Being a Johnny-come-lately means not many voters know him in person or can recognise his face, an all-important political asset.
And having elites as the dominant supporters in a constituency where the predecessor parachuted to Parliament on the back of the poor and less educated voters could turn out counter-productive, according to one of Mr Ejiku’s supporters, who asked not to be named to freely discuss what he considered their team’s Achilles heels.
It is also the unpredictability of the political decisions in Arua, like in other urban constituencies, that remains a bother for all candidates.
NRM’s Nusura Tiperu served as Youth MP and tried her luck in both Yumbe and neighbouring Koboko districts before transitioning to the East African Legislative Assembly, presenting a question of loyalty.
A well-connected individual, her first millstone is to sway an electorate that reacted violently to the ruling party for Abiriga’s death and remains suspicious to-date.

The primaries also left NRM fractured, with some losers such as Jackson Atima, a husband to Maracha Woman MP Rose Ayaka, opting to vie as an Independent.
With the party secretariat superiors camping in Arua, and President Museveni expected early in the new week, Ms Tiperu should worry less about how to get national figures with clout to run and finance her campaigns or offer State support at the 11th hour. This could be game-changing too.
Being a Muslim, as she is, is a plus in Arua Town politics. However, Ms Tiperu’s trouble is that River Oli Division, which has the highest number of voters and Muslims predominantly of Aringa heritage from Yumbe District, and who mostly vote as a block, are unsure where she belongs after previously swapping constituencies from Yumbe to Koboko.
“It is not always good to vote along ethnic or religious lines because this makes people not to choose the right candidate,” said Mr Muhammad Bashir Olega, an NRM supporter in Oli Division.

Needed
What is required in the area, he said, is properly planned and serviced neighbourhoods and a leader who can work with local councillors and technocrats to achieve that.

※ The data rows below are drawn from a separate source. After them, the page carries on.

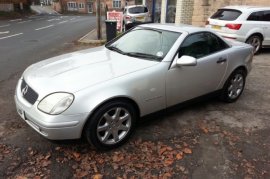Mercedes-Benz SLK 230K 2dr Auto 2.3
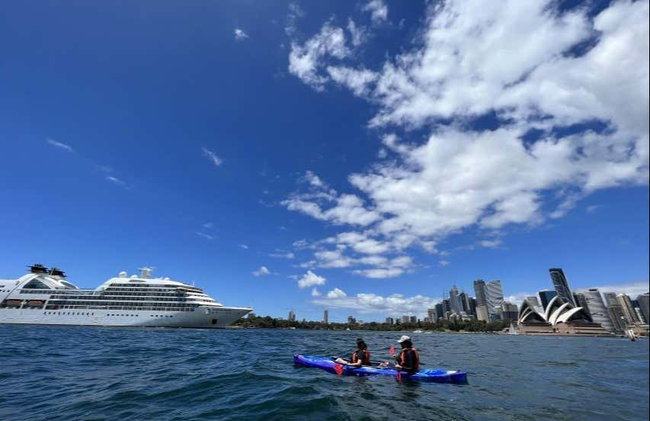 Tour di Sydney in kayak - Foto 6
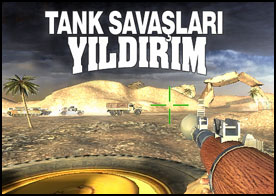 Tank savaşlarının heyecan verici dünyasına katılın konvoy halinde ilerleyen düşman araçlarını tam isabetli vuruşlarınızla havaya uçurun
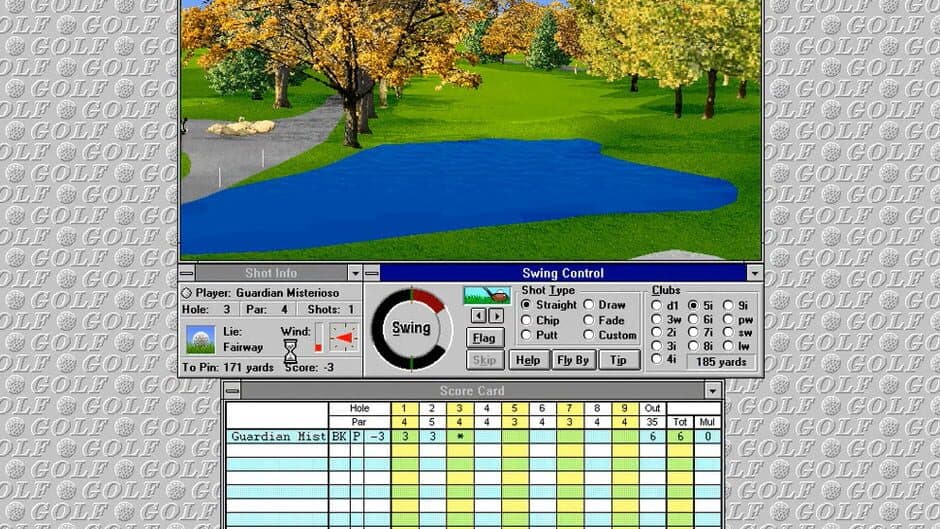 Скриншот 3 из Microsoft Golf 2.0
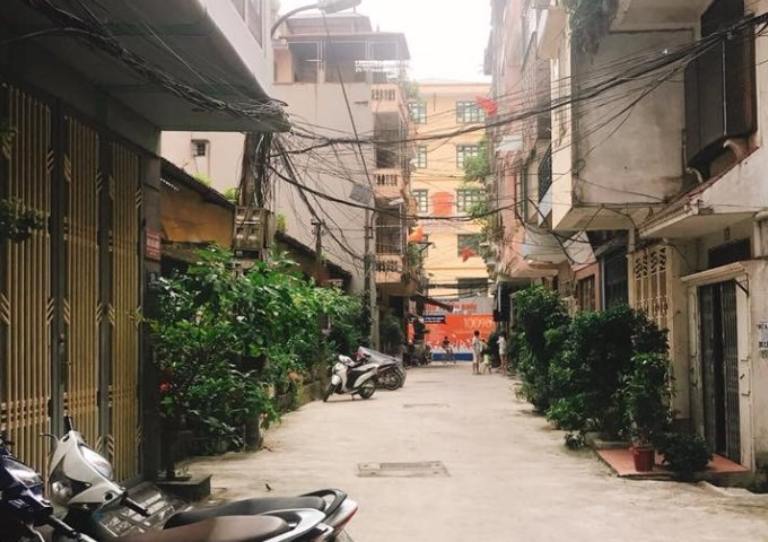 Nhà trong ngõ đường Vũ Trọng Phụng Thanh Xuân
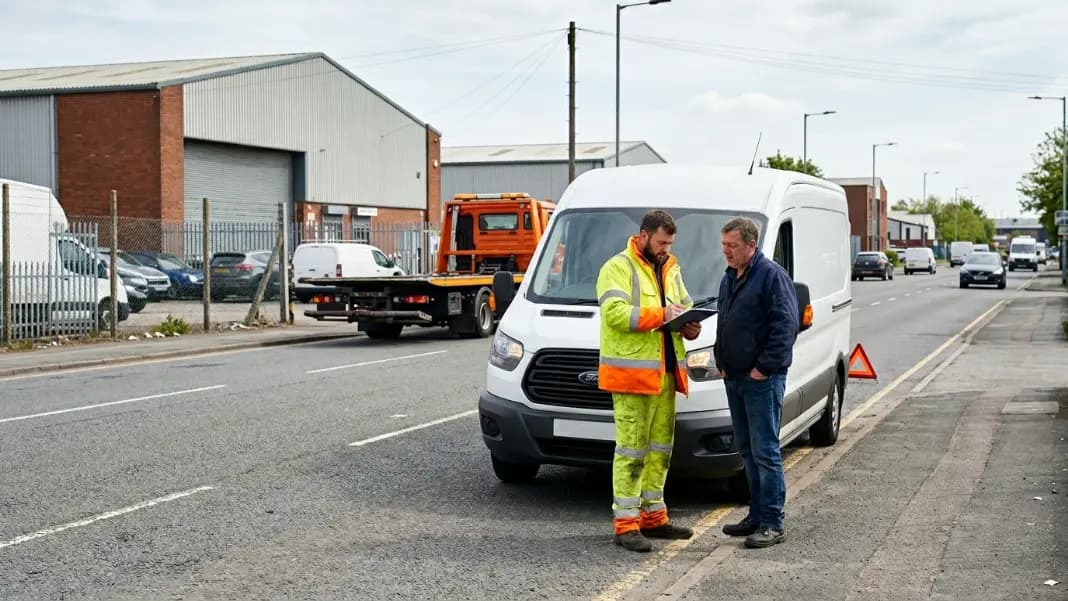 Commercial Van and HGV Recovery
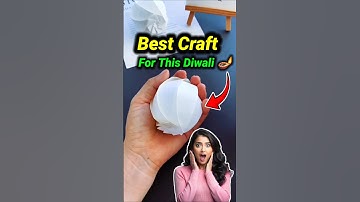 Easy DIY Lantern | Origami Paper Lantern ✨ Brighten Your Room | diwali decoration | home decor #diy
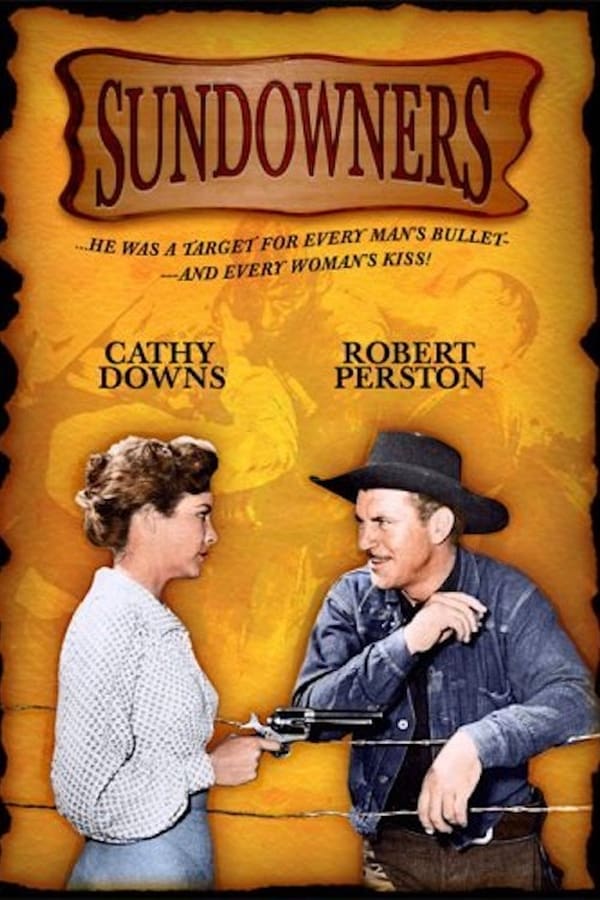 Cover of the movie The Sundowners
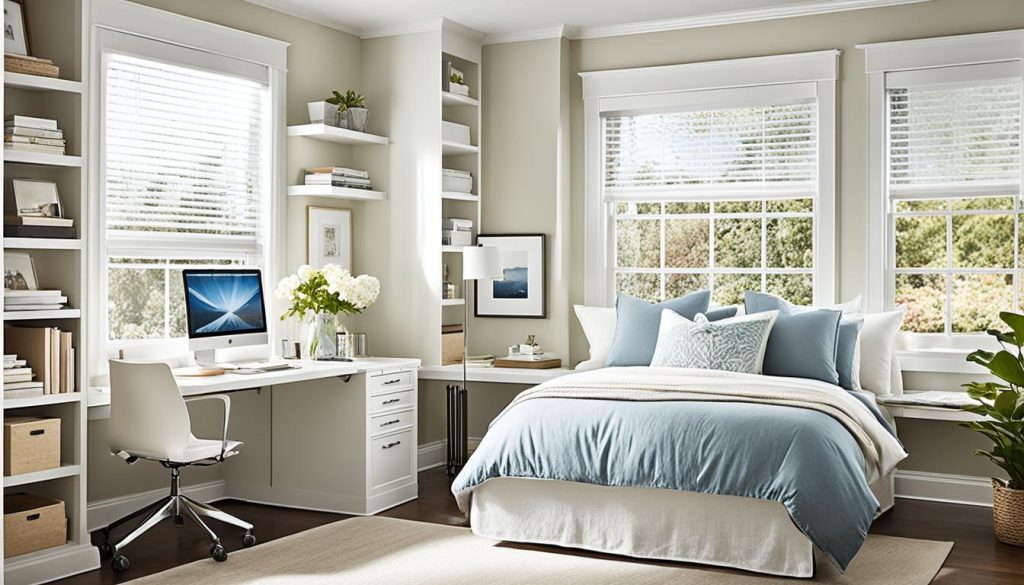 Multifunctional Home Office Guest Room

River Oli Division chairman, Mr Muzaidi Khemis, has decamped from Mr Wadri’s team to join the campaign of FDC’s Musema. And so has Buga Mayor, an influential district councillor. As such, Obongi MP Hassan Fungaroo, who supports Musema, thinks it is a mistake to write off the candidate because Oli Division leaders have a potential to sway Wednesday’s vote in his favour.
“If you have River Oli Division on your side,” he said, “you have the win in the bag.”
The race to the finish line brings with it creativity. Independent candidate Alfred Nyakuni, a teacher popularly known by his radio studio name Unckle Nyax, has ditched rallies for door-to-door campaigns.
In the pile of struggling candidates are Jeema’s Jaffar Alekua, who has stood and lost countless times, Democratic Party’s Kennedy Madira, a popular musician better known as JM Kennedy, and nomadic Independents contender Francis Elton Nyero and his counterparts; Mr Simon Avutia, a former banker, and Mr Safi Bavuga.
The returning officer, Ms Ruth Angom, told this newspaper that the voters’ register to be used on Wednesday is not yet out.
“I have not received the register and I do not know how many are on the register because we had sent it for cleaning and verification,” she said of a delay that has rattled the candidates.
For now, the EC, flag bearers and other stakeholders are relying on the voter particulars in the 2016 register.
It is one reason, among others, that could end the Arua Municipality elections at the doors of court.